De la même manière, Guy Rocher souligne avoir vécu une « crise intellectuelle » à son arrivée à Harvard, crise qu’il rattache au relativisme culturel du Department of Social Relations dont les enseignements contrastaient avec l’épistémologie catholique de la Faculté des sciences sociales de Laval. L’atmosphère très interdisciplinaire du parcours de formation l’avait amené à prendre des cours de psychanalyse, qui initiaient aux puissances internes de l’inconscient, du refoulé et de l’instinctuel chez l’homme.

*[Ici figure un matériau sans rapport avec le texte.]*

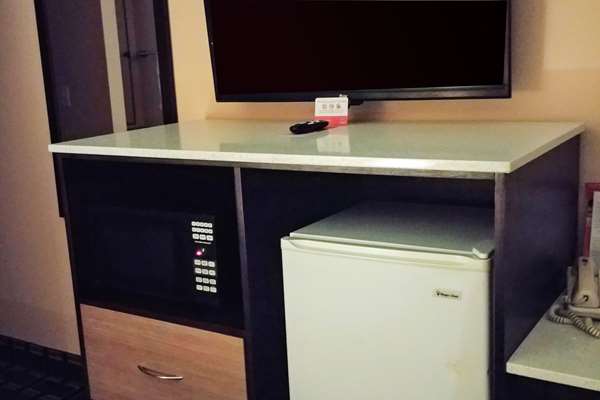  - Econo Lodge Milldale - I-84, Exit 28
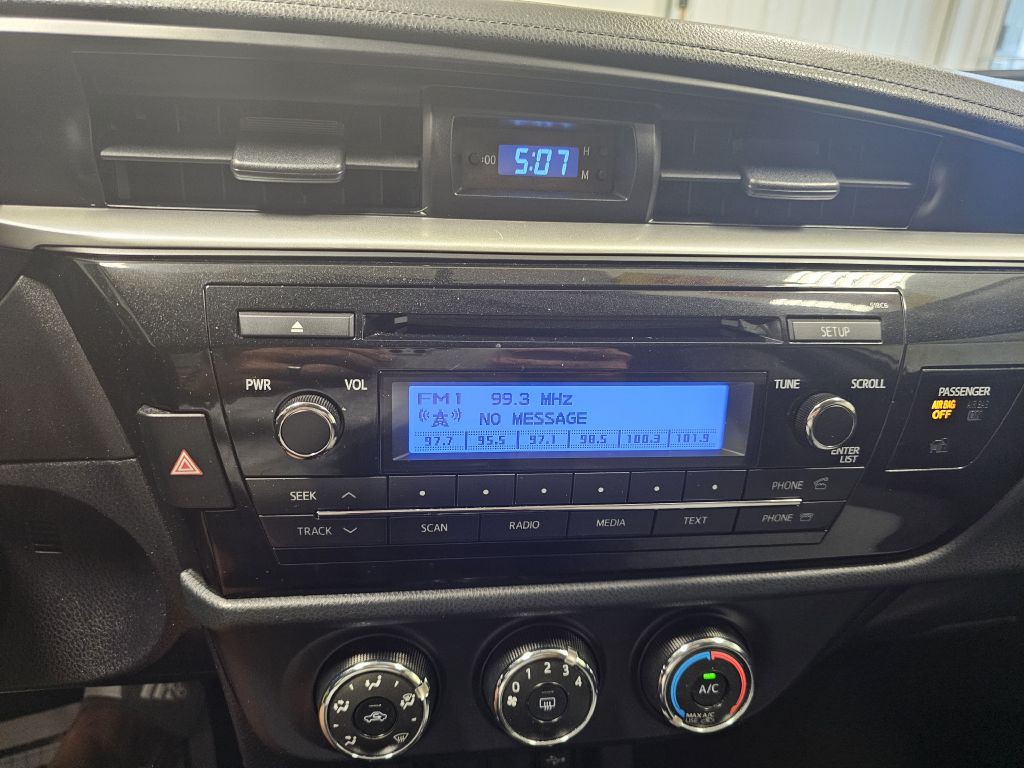 2015 Toyota Corolla Image 19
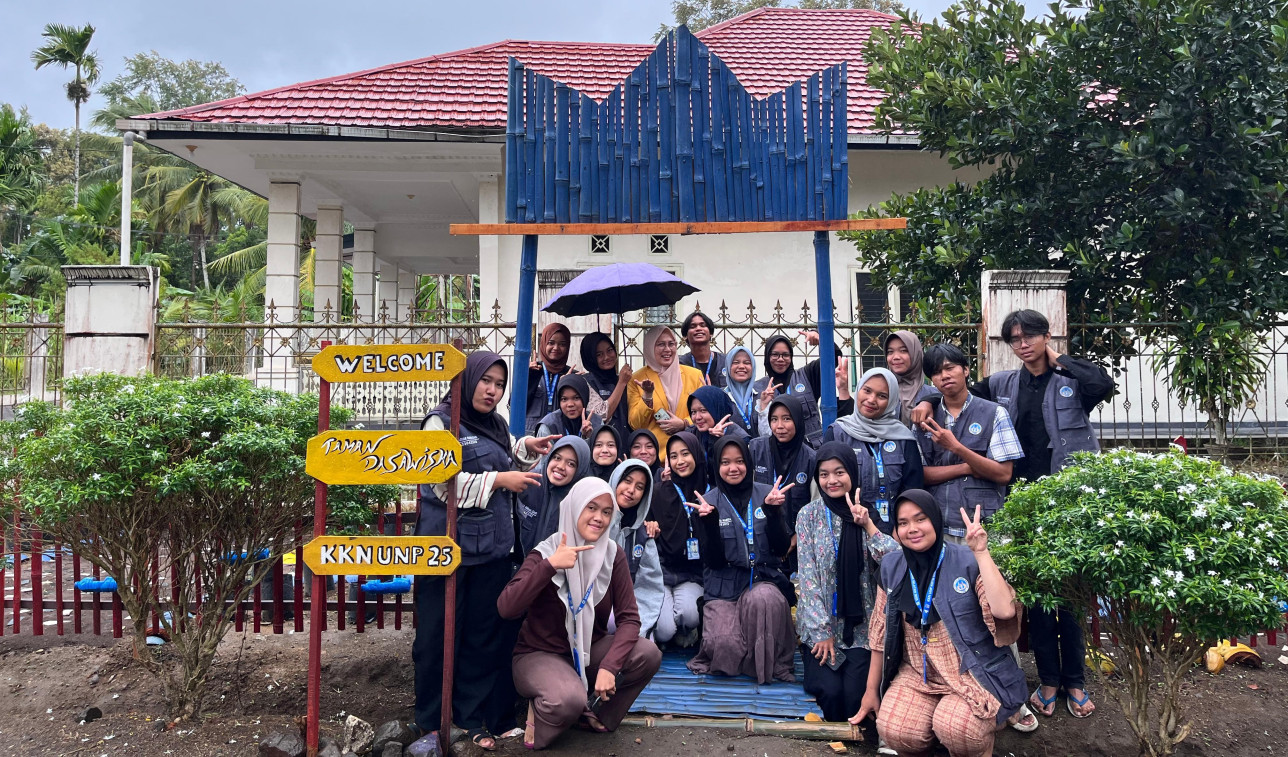 Aktivitas KKN UNP Juli-Desember di Nagari Koto Dalam Selatan, Kab Padang Pariaman: Pembuatan Taman Dasawisma. DPL: Dr. Henny yustisia. (15/07/2025)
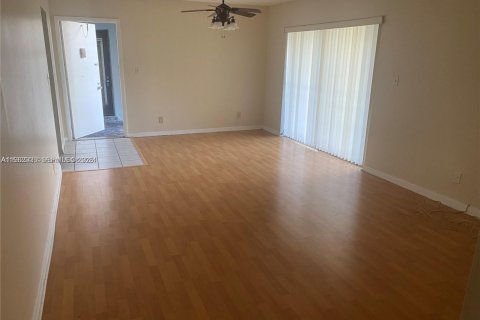 Copropriété à louer à Margate, Floride: 1 chambre, 68.56 m2 № 2024704 - photo 4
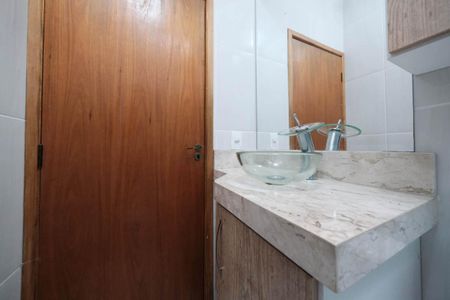 Casa à venda com 200m², 3 quartos e 5 vagasBanheiro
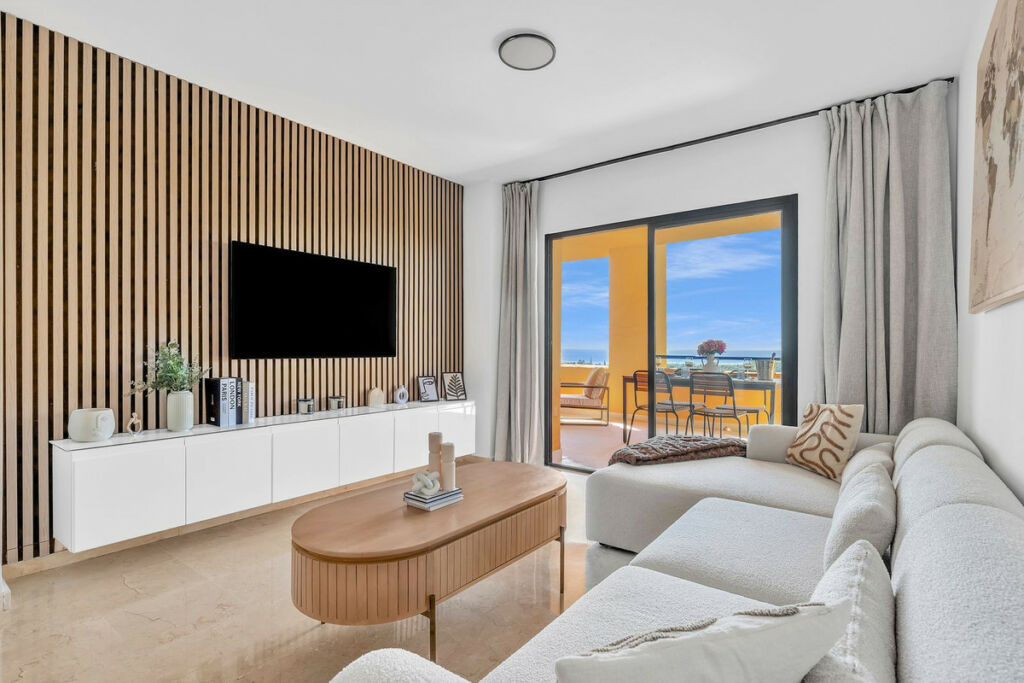 Middle Floor Apartment Estepona Málaga - image 30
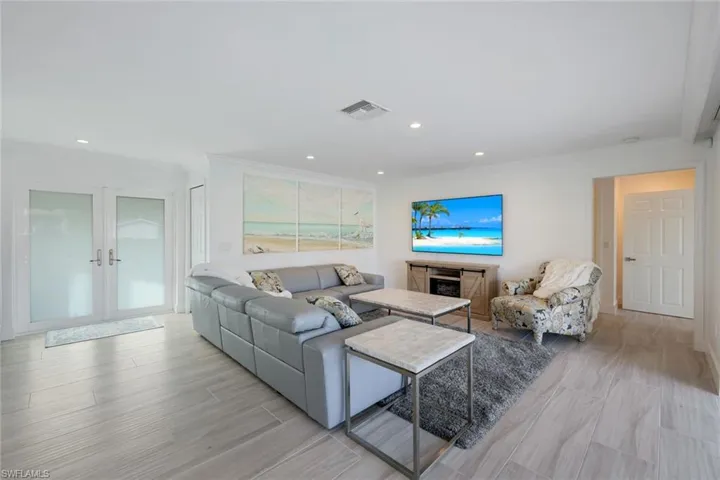 1250 Tuna Ct, Naples, Florida 34102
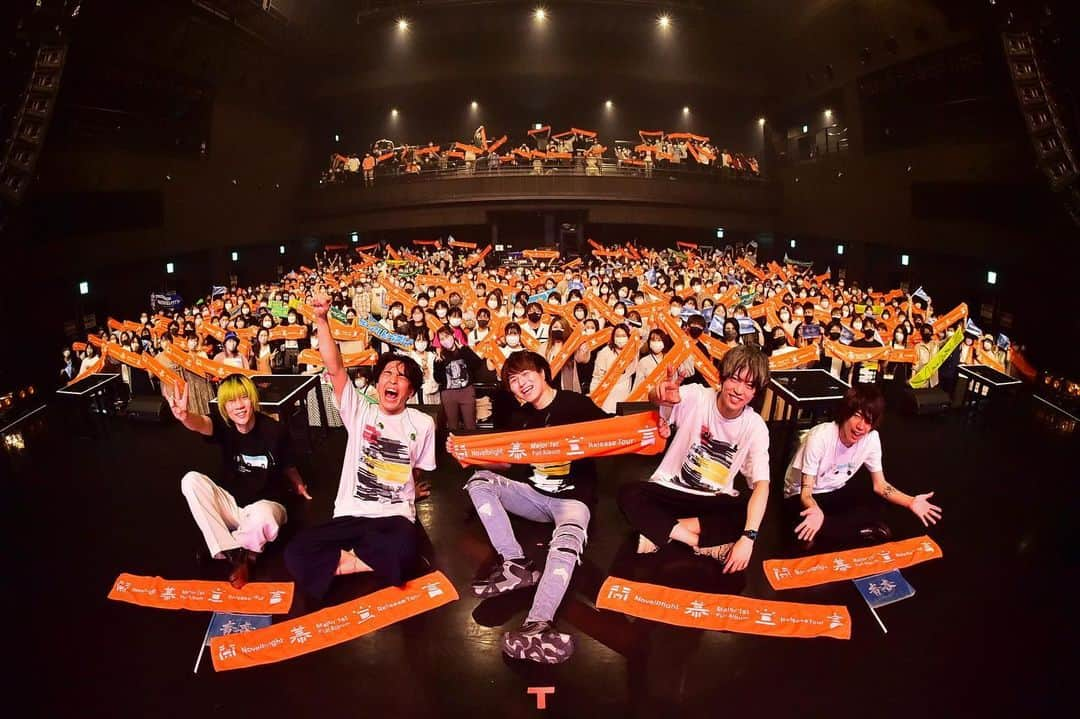 竹中雄大さんのインスタグラム写真 - (竹中雄大Instagram)「大変遅くなりましたが、 先日5月20日、Zepp Fukuokaにて 「新章・開幕宣言」ワンマンツアー3日目でした。 1年半ぶりの福岡。猛烈に楽しい日になりました。 来てくれたみんなありがとう！  明日5月27日はツアー4日目 Zepp Sapporo にてワンマンです！ ようやく北海道で初ワンマンができます。 大変な日々が続いてるけど、みんなのストレスを 全部吹き飛ばす最高のライブを届けます。 札幌、よろしくお願いします！  #novelbright #竹中雄大 #開幕宣言  #zepp #zeppfukuoka #福岡  #コンビニに #しんしん #の #カップラーメン #あって #くっそ #テンション上がった #美味しかった  #北海道 #では #ジンギスカン #食べたい  #ご飯が美味しいって #最高の幸せ  #ダイエット #一時休止で #笑」5月26日 22時45分 - yudai_vo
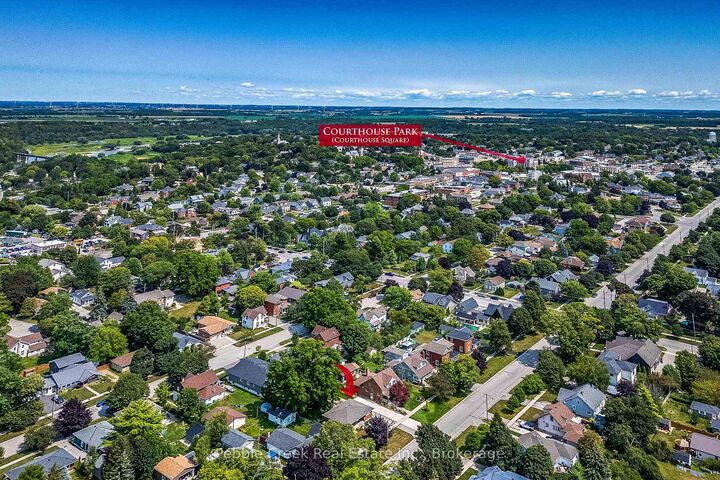 Property Photo:  172 Elgin Avenue W  ON N7A 2E6 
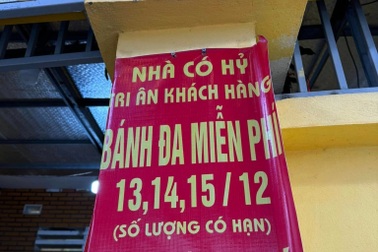 Chủ quán lấy vợ đãi miễn phí hàng trăm bát bánh đa cua trong 3 ngày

De même, l’anthropologie sociale, notamment celle qui était enseignée par Clyde Kluckhohn, faisait voir la grande variabilité des cultures et le caractère historiquement et culturellement déterminé des règles de conduite et des valeurs. « Je revins de Harvard passablement ébranlé intellectuellement et spirituellement » (Rocher, 1974, p. 244-245), souligne Rocher, qui nous a confié retracer le début de ses doutes religieux à son séjour aux États-Unis[20].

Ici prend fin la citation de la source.